Por José Gandour @zonagirante
Amigos quisquillosos de la crítica, viejos cortesanos del sonido y de la imagen, dueños de inamovibles opiniones e inventures repetidores de etiquetas significantes, defensores de las definiciones invariables: Si, a ustedes les hablo y pretendo sacudir su ya vetusto trono impoluto en el que se sientan a la hora de definir la música y creer que lo que dicen se siente cómodo y verdadero. También le hablo a los que creen que el rock de toda la vida es el único espacio para ser cáusticos, extremos en el sonido, el único redil para ser rebeldes a la hora de sonar, declarar y atentar contra el establecimiento. Ah, viejos amigos, el mundo ha cambiado (no importa si para bien o para mal). Todo lo que creían que predicaban los grandes gurús de la música contemporánea ha variado, los géneros sonoros se han transformado a punta de curiosidad, experimentación, violencia mundial, necesaria sublevación y tecnología. Hasta el mismo POP se ha desnudado y perdido sus telas de disimulada inocencia y ha acudido al ruido para resignificarse. Los misóginos se han llenado de miedo, porque del underground se han escapado figuras de discurso y estéticas agresivas, entre ellas muchas mujeres y disidentes sexuales, para tomarse las principales marquesinas del espectáculo y romper, poco a poco, con orden y la paz de los censuradores de siempre.
Tanta estilizada verborragia se dispara cuando escuchamos Tanya, el nuevo álbum de la argentina Juana Rozas. Este disco, de 13 canciones y 36 minutos de duración, es un compilado de grabaciones corrosivas, que desde sus momentos más rudos, como los que se pueden oír en Un ángel o Qué importa. hasta las tonadas reposadas como Tanya Loca, siempre se observan elementos abrasivos que ensucian todos los instrumentos participantes, que, especulo, pretenden alterar a la audiencia, dando a los oyentes una ración sonora envenenada que confirma que todos los actos que consideramos benignos (el amor, la amistad, el sexo, la felicidad) ya, a estas alturas del siglo XXI, no pueden evitar ser ponzoñosos y de difícil estabilidad. Todo, por fortuna, se ha roto y ha salido de sus corrales, y podemos escuchar baladas de urdimbres sucias, como Besito a las flores, que mezclan arreglos andinos con estruendos industriales, o elementos robados del jazz que se abrazan con percusiones tomadas del hard techno como en Wanna Hotel. La voz de Rozas se balancea constantemente entre la ternura, el grito de rebelión, los efectos distorsionantes y los momentos autotune que no buscan la perfección artificial, más bien la alteración constante del panorama.

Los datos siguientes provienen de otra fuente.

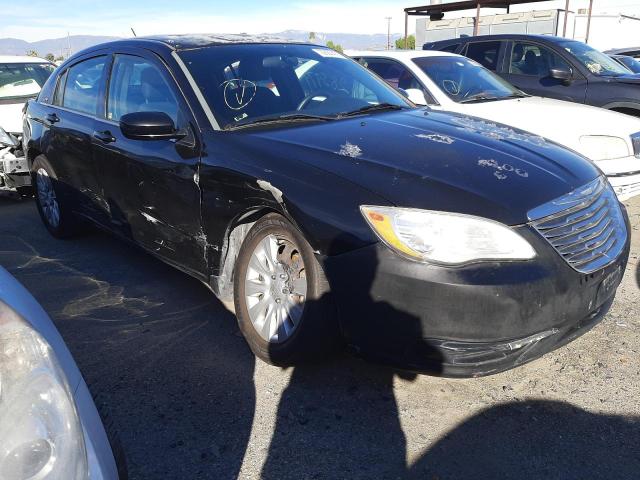 CHRYSLER 200 LX 2012 1c3ccbabxcn223965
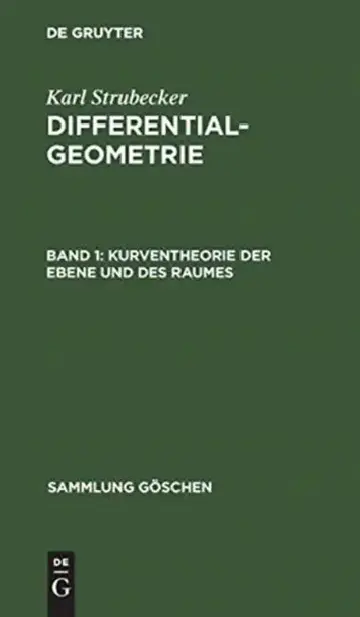 Cover of Kurventheorie Der Ebene Und Des Raumes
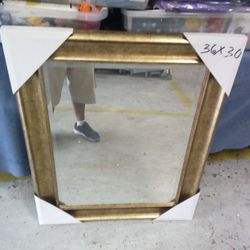Mirror Hanging Wall 36x30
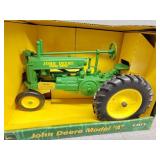 John Deere model a display tractor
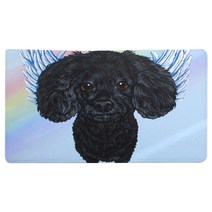 리빙팝 주방욕실 미끄럼방지 멍멍펫 발매트, A19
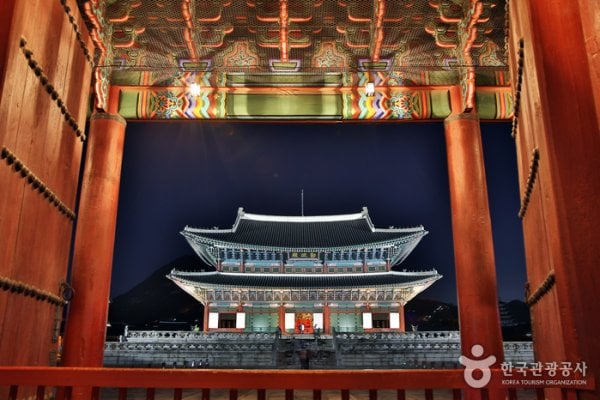 Gyeongbokgung Palace Special Evening Admission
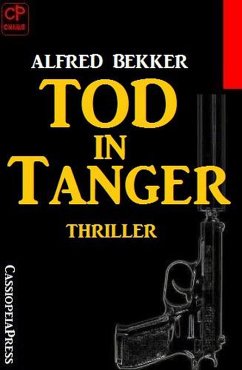 Cover Tod in Tanger: Thriller (eBook, ePUB)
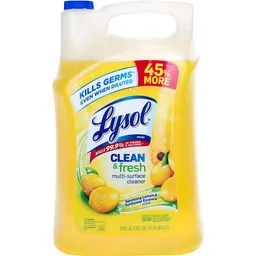 Lysol Limpiador Líquido Multisuperficies Clean & Fresh 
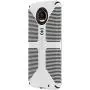 Speck Products CandyShell Grip Case for Moto Z Force Droid Smartphone, White/Black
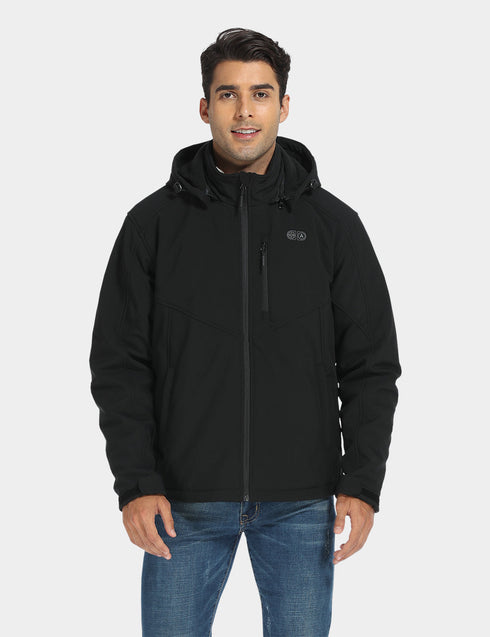 Men's Dual Control Heated Jacket view 1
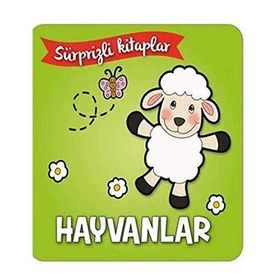 Sürprizli Kitaplar - Hayvanlar - kollektif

Si te venden este disco como nuevo Pop, es porque ya los anquilosados conceptos que encerraban al pop de siempre en los aterciopelados muros de la ñoñería y la impunidad han sido derrumbados hace tiempo. Hoy el Pop, hecho de esta manera, es más consecuente con la realidad y desestabiliza el statu quo. Esto es baile, revolución, abierto laboratorio resonante y desequilibrio emocional, sistémico y social. Estamos en los días más volubles y, al parecer, lo que expresa este álbum hace parte vigente de la banda sonora de las jornadas que vivimos.